Linda Forgosh wanted a really juicy topic for the 25th anniversary celebration of the Jewish Historical Society of New Jersey.
“We’d had talks on Jews and jazz, and Jews and sports, and Jews and comedy,” she said. “I thought, ‘Food! What goes together better than Jews and food?’”
Forgosh, the society’s executive director, set her heart on getting Alan Richman for the April 29 event. Not only, she pointed out, has he won 16 prestigious James Beard Foundation Awards for excellence in culinary writing — more than anyone else — but “he also comes from New Jersey, and for the historical society, that was a must.”
A longtime contributor to GQ magazine, Richman serves as the dean of food journalism at the International Culinary Center (formerly the French Culinary Institute) in New York, where he teaches a class in food writing. (He is not to be confused with Alan Richman, an NJ Jewish News contributing writer.)
The man and the topic, and the “light kosher noshes and desserts,” drew a crowd of around 150 people to the Alex Aidekman Family Jewish Community Campus, one of the largest the society has had.
“I had to turn people away,” Forgosh told NJJN.
She introduced him as “the Indiana Jones of food writers,” willing, by his own description, “to go anywhere for a meal — even Whippany.”
Her guest, famous — or infamous, according to celebrity chef Anthony Bourdain — for his acerbic pen, claimed he tries to play down his Jersey connection, though he did live for a while in Hillside, not far from baseball legend Phil Rizzuto.

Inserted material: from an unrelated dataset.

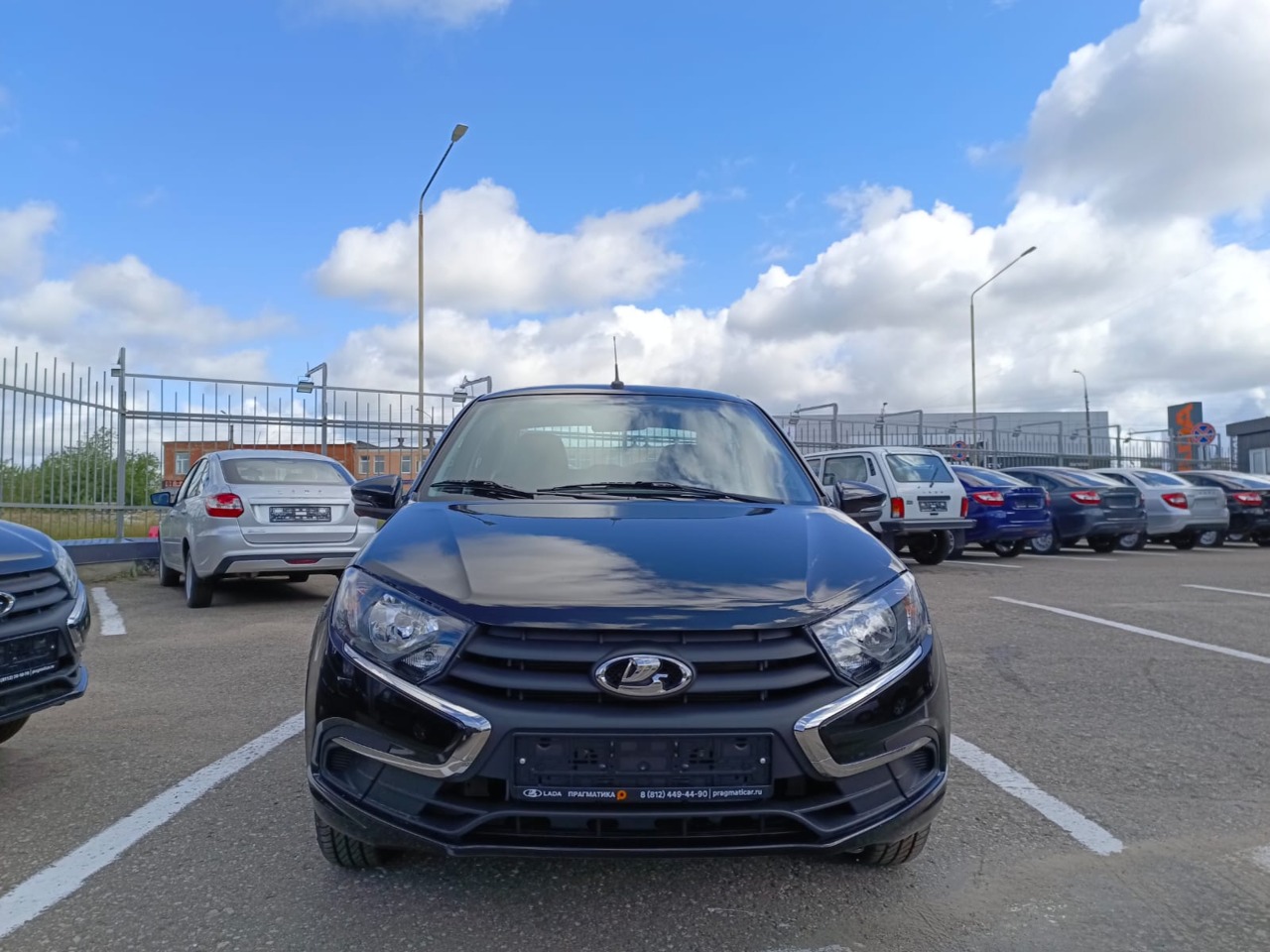 Легковой автотранспорт - LADA Granta 1.6 MT (90 л.с.)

He also insisted that it was purely by chance — via a career in sports journalism — that he came to be known as a distinguished arbiter of cuisine.

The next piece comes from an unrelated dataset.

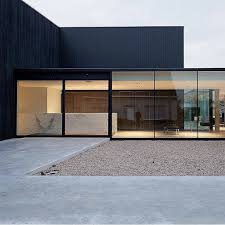 Minimalist Black And Glass Exterior Architecture Architecture Minimaliste Maison Contemporaine Maison Minimaliste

“You’ll notice that hot dogs have played a big role in my life,” he said.
But passion will out. Richman went from discussing “the slime” around the hot dogs in the family fridge to the sublime — his mother’s excellent cooking (“She was the best Jewish cook I ever knew”) and the top-rated restaurants around the world where he has gotten to eat.
“I really got to have the greatest job in America,” he said.

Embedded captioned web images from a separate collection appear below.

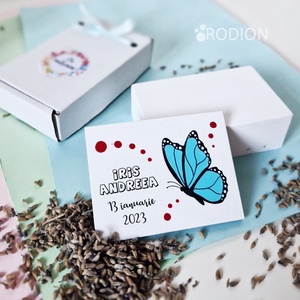 Marturii botez cu magnet pictat manual personalizate cu nume Fluturas, Jucării și echipamente pentru copii, Daruri de botez, Obiecte pictate, Pictură, ARTYNOS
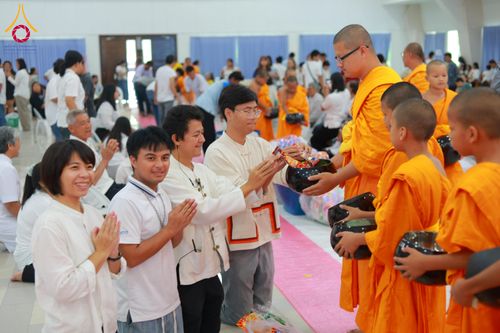 ภาพ No.321899:วันที่ 12 เมษายน พ.ศ.2569 ตักบาตรสงกรานต์ฉลองสามเณรใหม่  ณ ศูนย์ปฏิบัติธรรมระยอง(บ้านช่องลม)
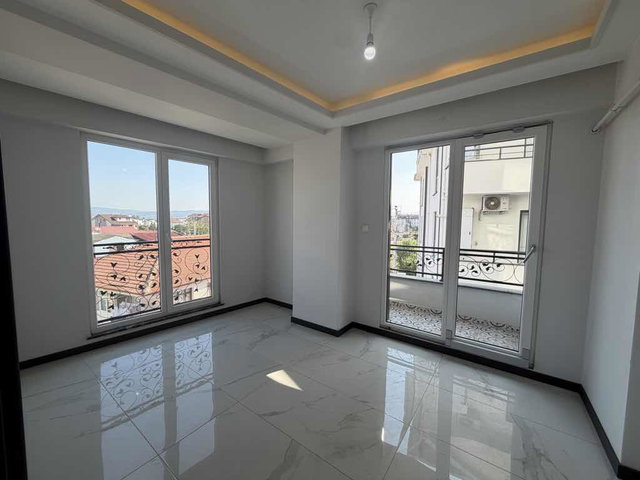 HAVUZLU SİTE İÇİ 1+1 KİRALIK DAİRE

On the other hand, it hasn’t all been easy. “The reality of being a restaurant critic is that no matter what you do, you can’t make everyone happy, so why even try?” he asked. He recorded the highs and lows in his 2004 book, Fork It Over: The Intrepid Adventures of a Professional Eater.
Israel has proved to be one of his favorite destinations. “It used to have really terrible restaurants,” Richman said. “Now the food in Israel is spectacular.”
Kosher restaurants, however, don’t meet his standards. “Perhaps it’s because the chefs grew up never eating in nonkosher places, so they didn’t get to develop a good palate,” he said.
When asked about his most memorable eating experiences, he waxed nostalgic about the Weequahic Diner, a landmark for Newark’s Jewish community. He then turned more serious. With a look of blissful recall, he described ortolan, a French dish made with a tiny bird. “You put your napkin over your head when you’re eating it,” he said. “It’s to keep in the bouquet — or maybe to hide your shame” at eating such a small creature.
His least favorite food? “Sea cucumber is the worst!” he declared.